Christ’s Spirit is always in us, but our openness and readiness to receive it is very variable. There are times when his touch is easy to perceive and powerful in its operation on our wills, as well as times when he seems distant and dreadfully silent. Our task is not necessarily to assume we’re in touch but to try to be open to that touch when it is there and patient in waiting for it when it isn’t:
“. . . the very sum of . . . true religion . . . [is] either to worship in the Spirit, or to wait for the Spirit. He who hath not received the Spirit, he is to wait for the Spirit. He who hath received the Spirit, he is to wait in the Spirit for the movings and outgoings thereof, and to be obedient thereto. And Christians are to take heed, not only of a wrong spirit, but also of quenching the movings of the true Spirit in themselves or others” (Penington, Works 1:367).

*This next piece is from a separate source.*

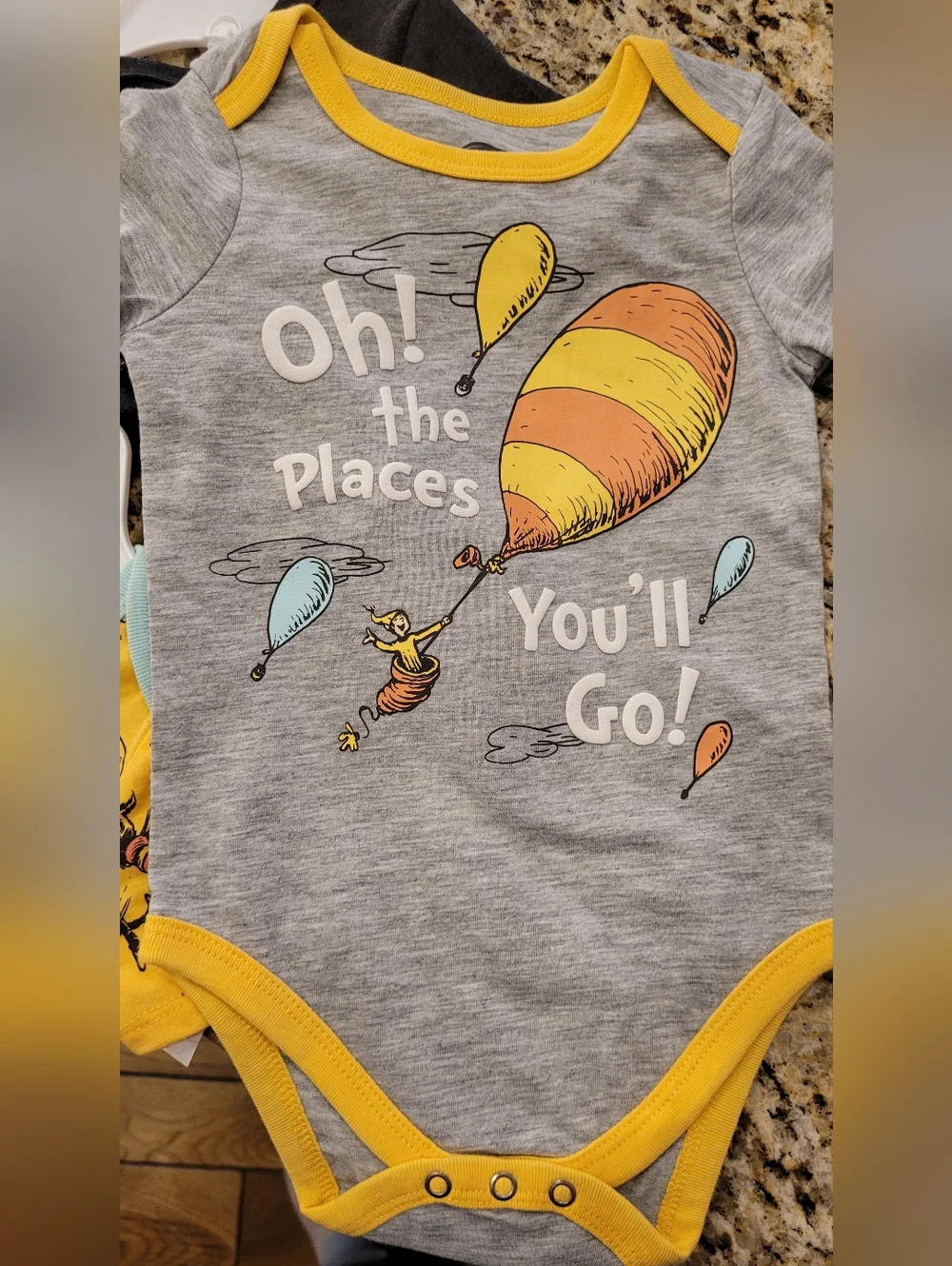 NWT | Dr. Seuss Bodysuit Set Boy/Unisex 18m - Picture 2 of 6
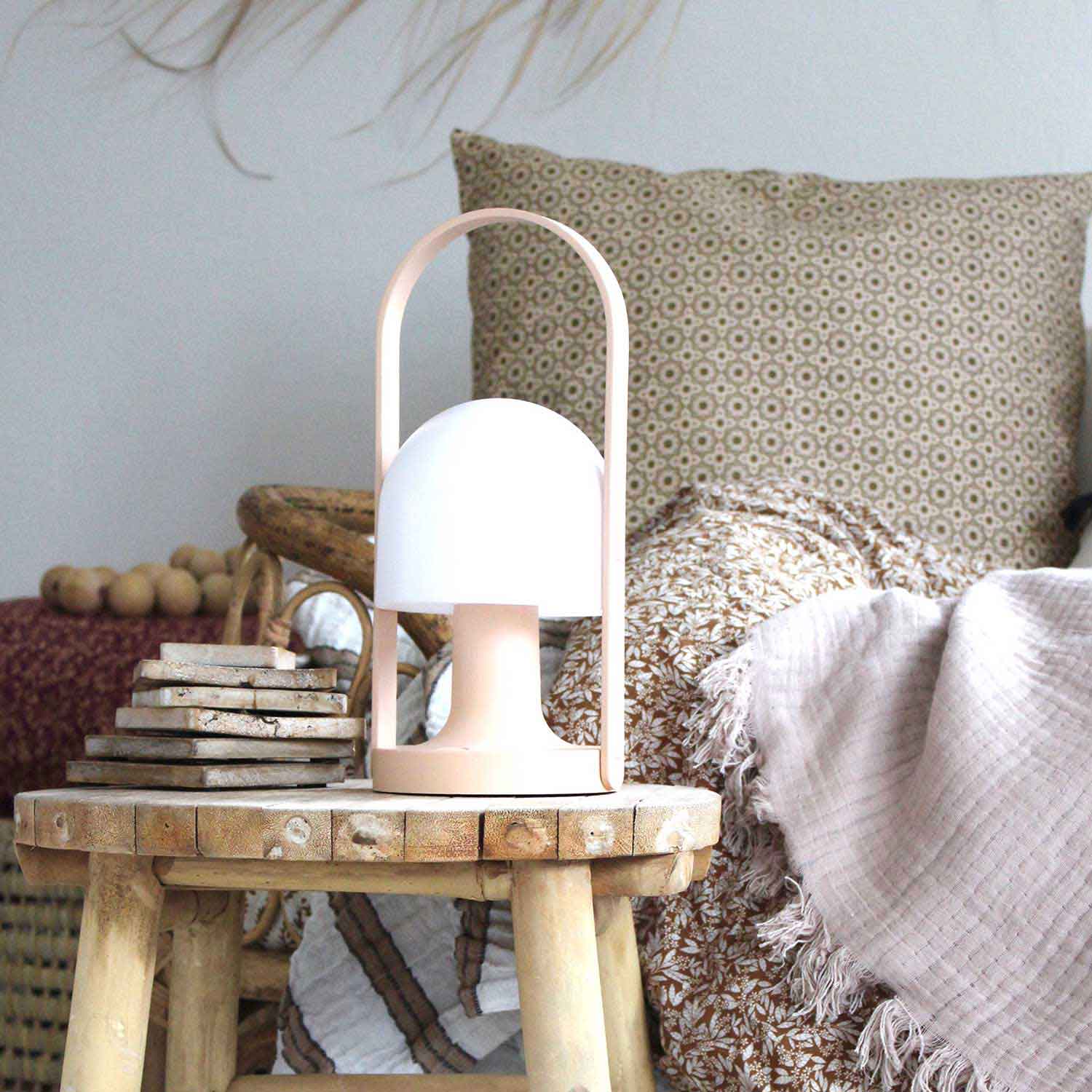 Lampefeber FollowMe Portable Bordlampe Pink klar til indendørs læsehygge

Worship “in spirit and in truth” for early Friends was dedicated to the development of this discipline. If there was ever an “outward sacrament” instituted by Friends, it was the expectant silence of the Meeting for Worship. Here the concrete silencing of self and the shutting out of the world is achieved so that the inward grace they knew was available to all who came to the inner spring of eternal life could be received. There was no liturgy, no singing, no Scripture reading, no corporate prayer, no communion—nothing to distract the mind from the Teacher within. Still, Meeting for Worship was not an empty space but one rich in spiritual context. Meeting for Worship was the place where Friends came to know Christ in all his “offices”, all those modes of his presence, all those “figures” of divinity that were gathered into his person:
“It is a glorious pasture, to be fed a-top of all the mountains in the Life . . . by the living Shepherd, to be overseen by the living Bishop and to be sanctified and . . . presented to God by the living Priest . . by an everlasting Priest, that sanctifies and offers you to God without spot or wrinkle, a perfect offering. . . .
Now you have an everlasting Preacher, whom God has anointed to preach, an everlasting Minister, that ministers Grace, Life, Salvation and Truth to you, an everlasting Prophet that God has raised up, who is to be heard; all the living hear him . . . So, none can silence or stop the mouth of them, whom he opens, or take away your Shepherd, your Bishop, your Minister, your Preacher, your Prophet, your Counsellor, etc. . . . Therefore, let him have your ears. Hearken to him. Let him be set up in your hearts . . .” (Fox, Letters, 273-274).
Friends sat quietly together to await the inward ministry of this Christ. If one tried to do anything in Meeting, it was to lay aside the “world” and the self and everything that flowed from them—worries, plans, notions, schemes, desires, grudges—everything that kept you from being attentive to the heavenly will that was not your own. But worship was not just silence; it was a silence in which everything Christ was could be sought after and savored. It was an expectant silence for anyone might be “chose” as a vehicle for Christ’s ministry to the group. If you were “favored”, the Spirit might give you something to offer those assembled, something to inspire or strengthen them, or something that simply assured them God was present among them. This kind of ministry was called vocal ministry and was thought to be really from Christ, not from the person who was the vehicle. A 1656 advice from Quaker elders in England reads,
“Ministers to speak the word of the Lord from the mouth of the Lord, without adding or diminishing. If anything is spoken out of the light so that “the seed of God” comes to be burdened, it is to be dealt with in private and not in the public meetings, “except there be a special moving to do so” (Faith and Practice: The Book of Discipline of the New York Yearly Meeting).